LA Schools Chief Breaks Silence After FBI Raids

Alberto Carvalho denies wrongdoing
Posted Mar 11, 2026 2:15 PM CDT
LA Schools Chief Breaks Silence After FBI Raids
Alberto Carvalho speaks at an event in Los Angeles, Thursday, Oct. 9, 2025.   (AP Photo/Damian Dovarganes, File)

Los Angeles' schools chief says he's done nothing wrong and he wants his job back. Alberto Carvalho, the suspended superintendent of the nation's second-largest school district, issued his first public response Tuesday to FBI searches of his home and Los Angeles Unified School District office last month, saying through his lawyers that he has always followed the law and that prosecutors have shown "no evidence" he broke it.

Carvalho, on paid leave since two days after the Feb. 25 raids, is represented by Holland & Knight, which urged the school board to restore him to the role he's held since 2022, the New York Times reports. No charges have been filed, and the federal warrants remain sealed. The Times reports that district officials "familiar with the FBI inquiry" say it appears yo be tied to a years-old criminal probe into AllHere, a tech startup that landed a $6 million AI chatbot contract with the district before imploding amid fraud allegations; its CEO has been charged and is in plea talks.

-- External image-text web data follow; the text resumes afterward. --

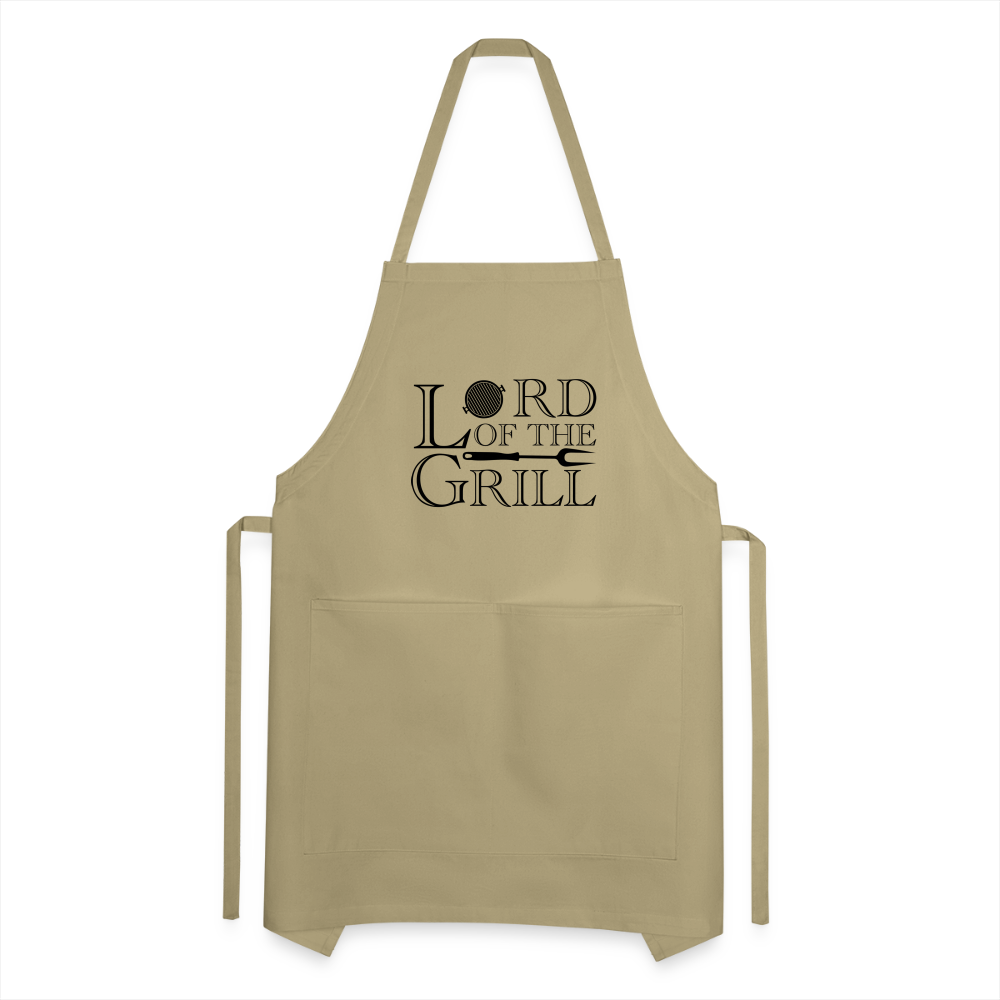 Lord of the Grill Adjustable Apron - khaki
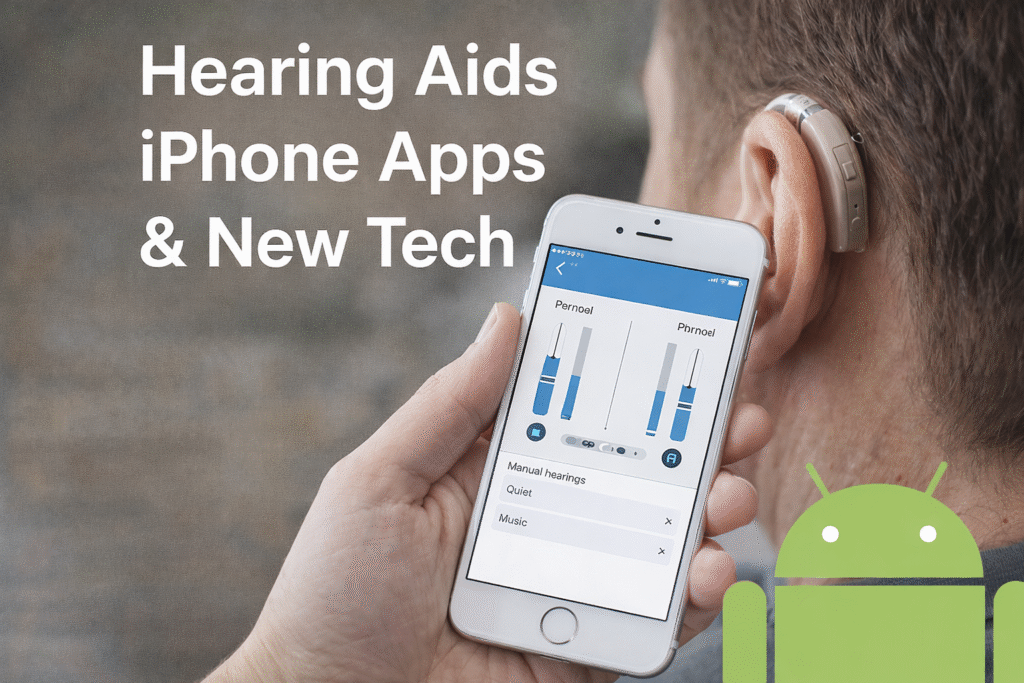 Hearing aids with smartphone app interface.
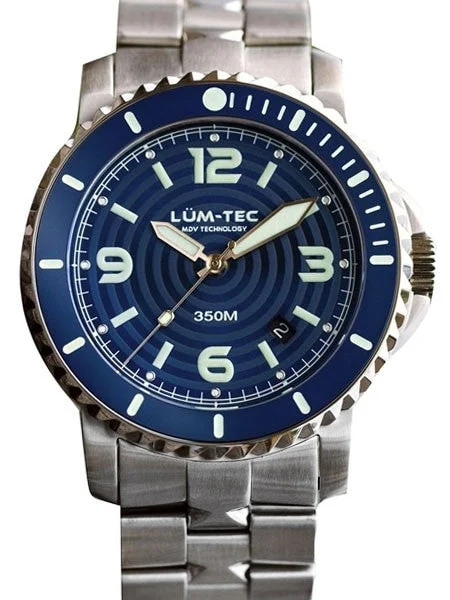 Lum Tec Lum-Tec 43mm Swiss Automatic, Anti-Magnetic 350 meter Dive Watch #350M-2 43 mm kol saati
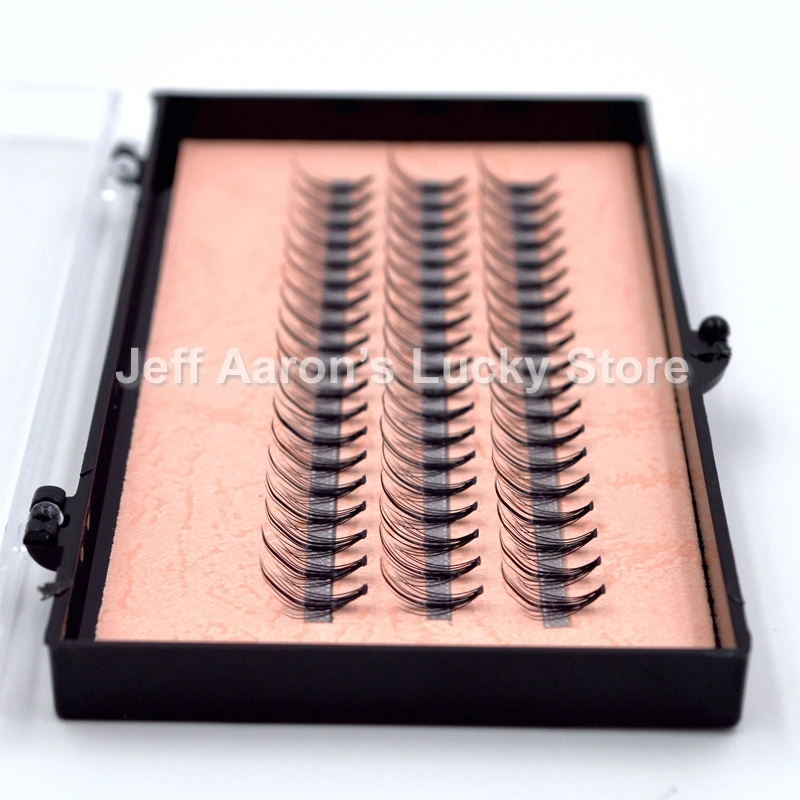 1 коробка конические Индивидуальные Накладные ресницы для наращивания Поддельные ресницы для макияжа 8-14 мм L1604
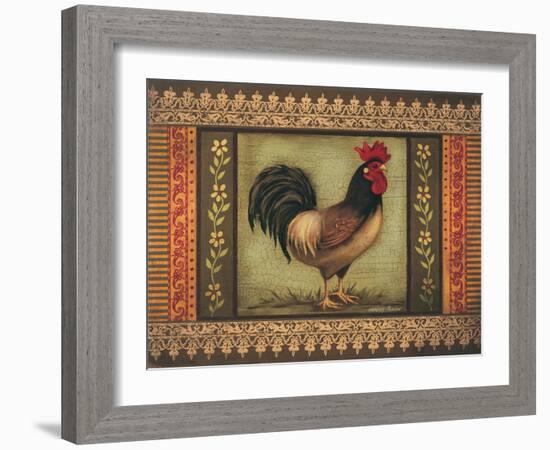 Mediterranean Rooster I-Kimberly Poloson-Framed Art Print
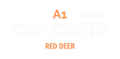 A1 concrete red deer logo
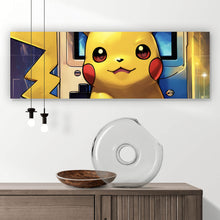 Lade das Bild in den Galerie-Viewer, Aluminiumbild Poke Mon Comic Modern Art Panorama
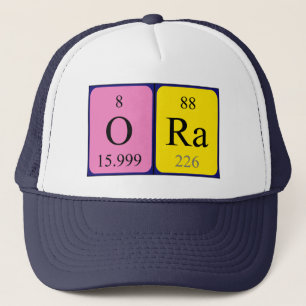 Boné Nome da mesa periódica Ora que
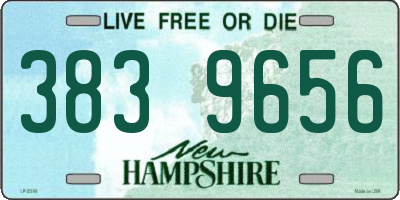 NH license plate 3839656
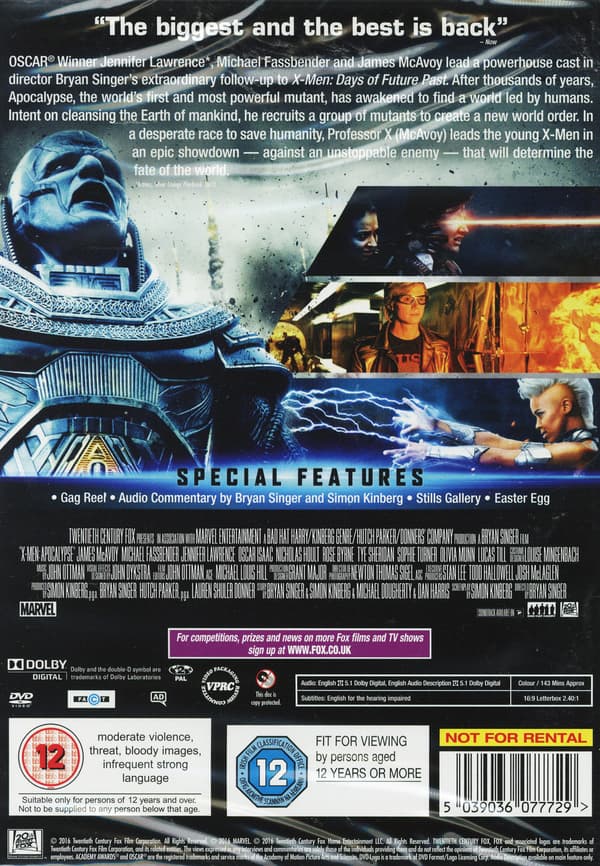 X-Men: Apocalypse (DVD)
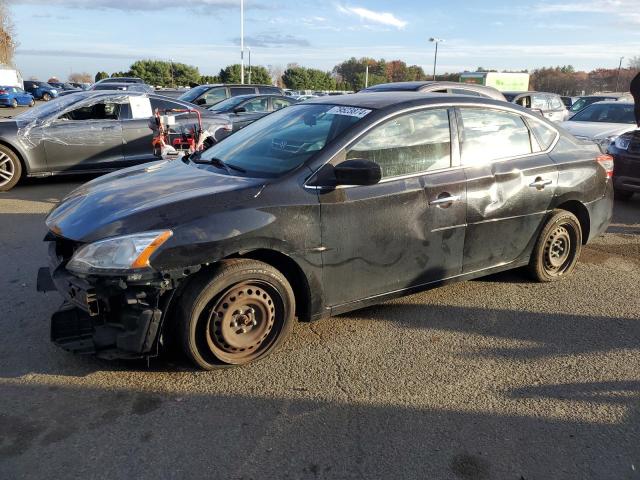 NISSAN SENTRA S 2014 black  gas 3N1AB7AP4EY223161 photo #1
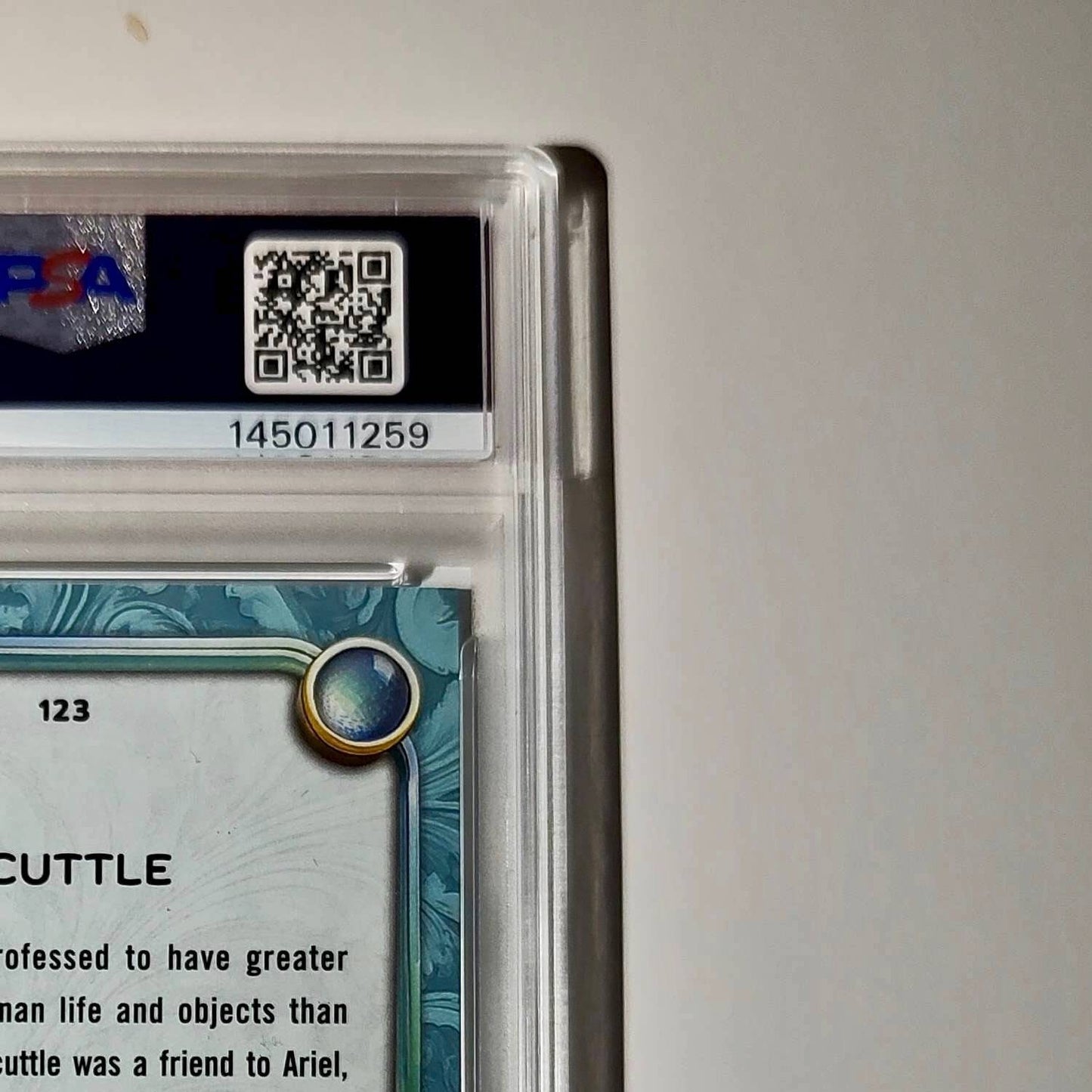 Scuttle 2025 Topps Disney Wonder #123 Diamond Card The Little Mermaid PSA 8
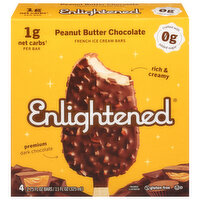 Enlightened Ice Cream Bars, Peanut Butter Chocolate - 4 Each 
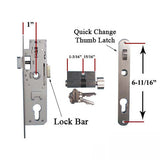 Blemished Andersen/Emco Mortise Lock Handleset Replacement for Doors Made After 2004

Sources tell the Los Angeles Times that on the day of the raid, Carvalho and his wife opened their door to find agents with long guns drawn, and were handcuffed and placed in a vehicle while agents searched their home. The FBI also searched the Florida home of AllHere consultant Debra Kerr. She is a longtime associate of Carvalho, who was the superintendent of Miami-Dade County Public Schools before he moved to Los Angeles.

His absence comes as LAUSD faces budget problems and the threat of a teachers' strike. At a board meeting Tuesday night, union leaders blasted the district for spending millions of dollars on unnecessary tech contracts instead of using the money to meet workers' demands for better pay and working conditions, the Times reports.